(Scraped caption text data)
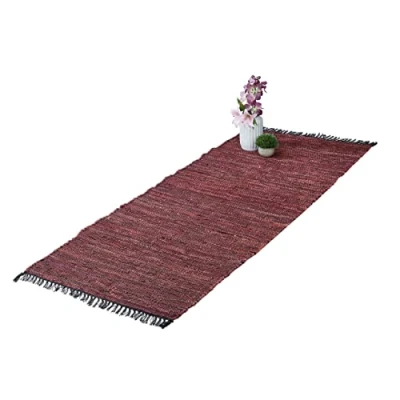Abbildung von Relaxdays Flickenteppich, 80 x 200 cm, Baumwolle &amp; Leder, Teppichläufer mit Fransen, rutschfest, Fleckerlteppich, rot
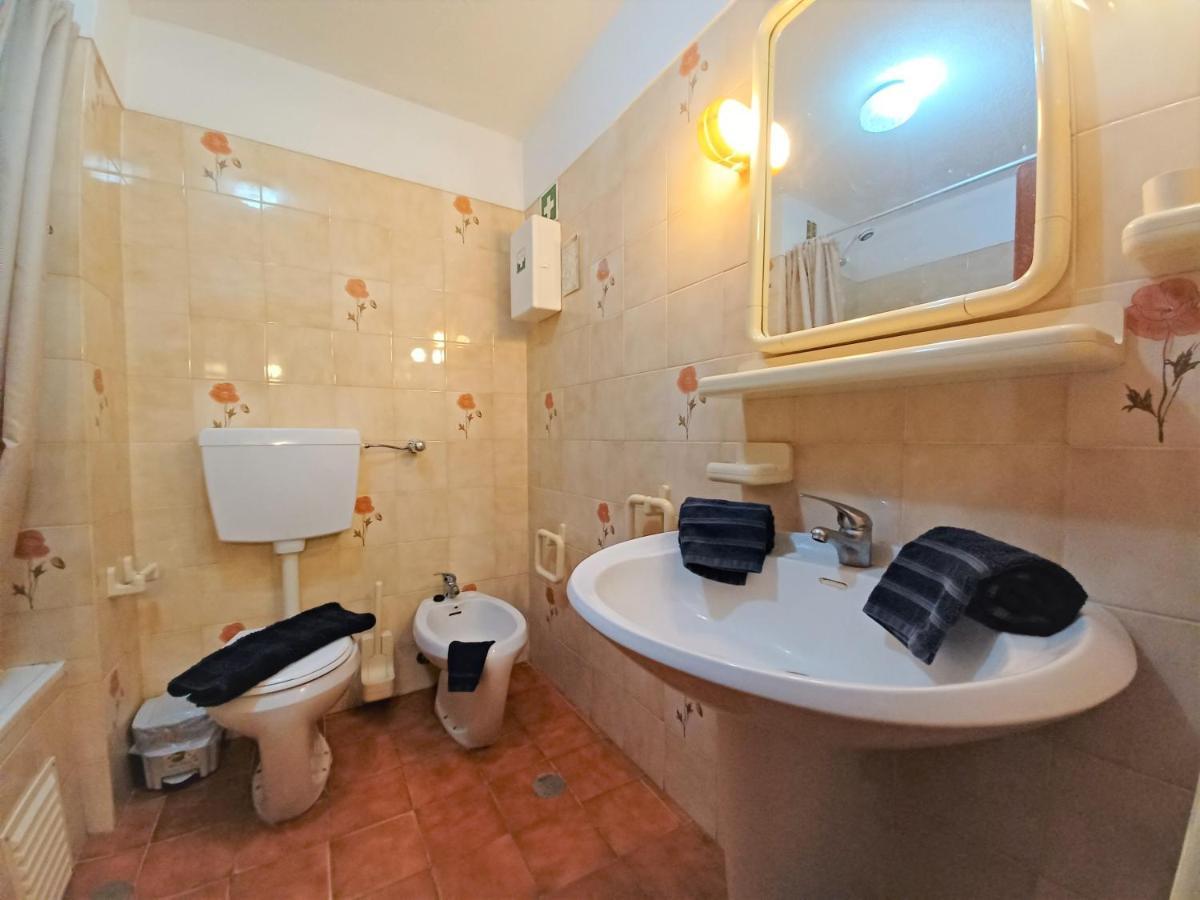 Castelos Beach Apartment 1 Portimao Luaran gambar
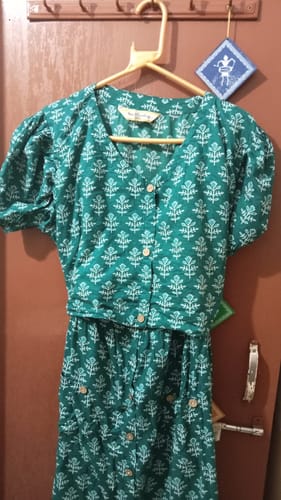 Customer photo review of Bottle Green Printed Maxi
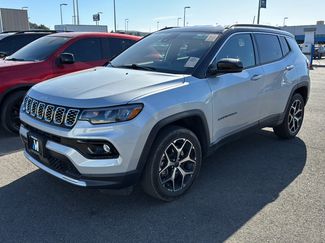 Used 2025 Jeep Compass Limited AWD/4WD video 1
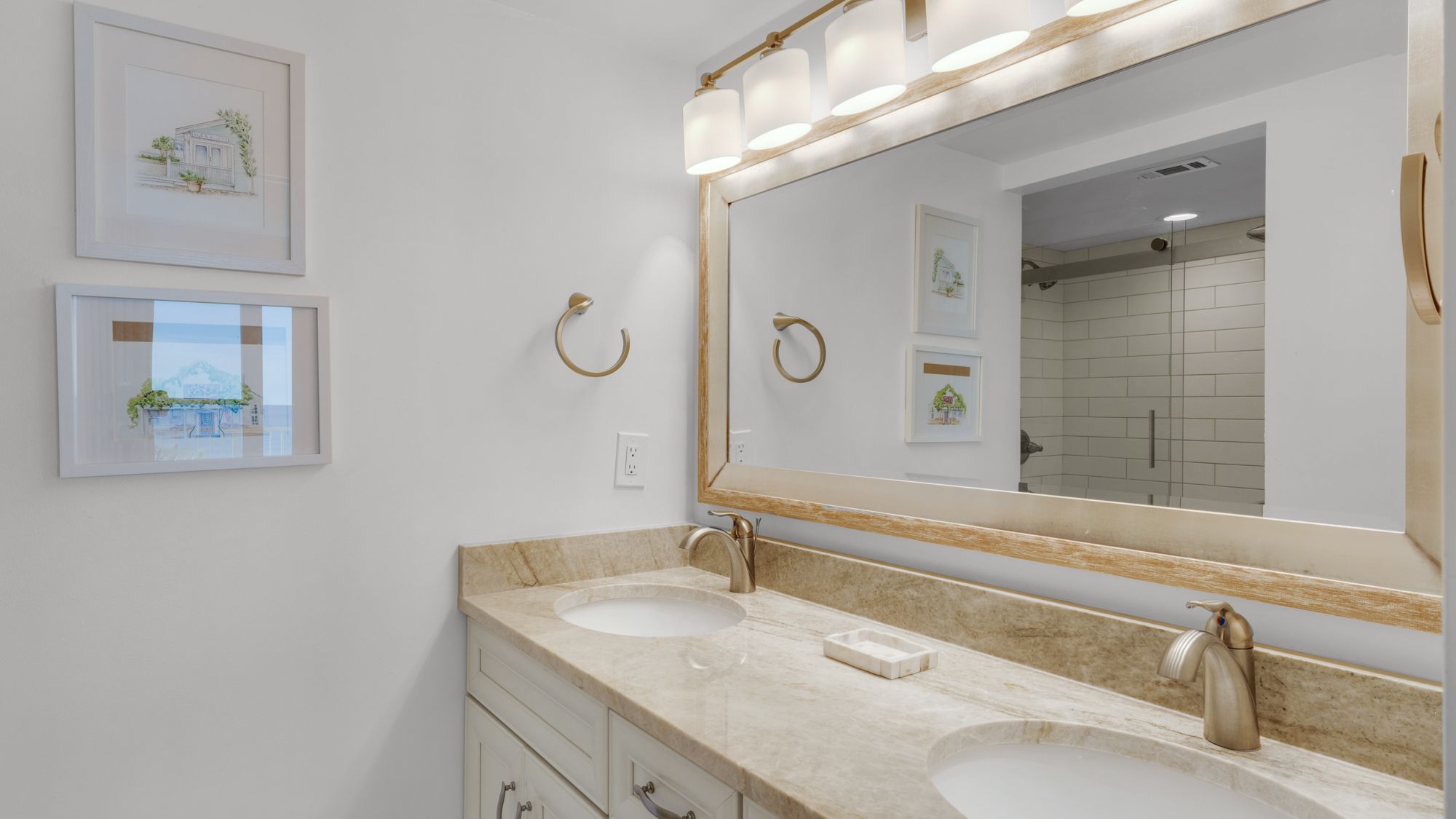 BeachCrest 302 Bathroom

* _What is being asked_
Leave every picture out and write out, word for word, the lines from the one that contains "Customer photo review" through the last line of the records.

* _Solution for this problem_
 Customer photo review of Bottle Green Printed Maxi
 Used 2025 Jeep Compass Limited AWD/4WD video 1
 BeachCrest 302 Bathroom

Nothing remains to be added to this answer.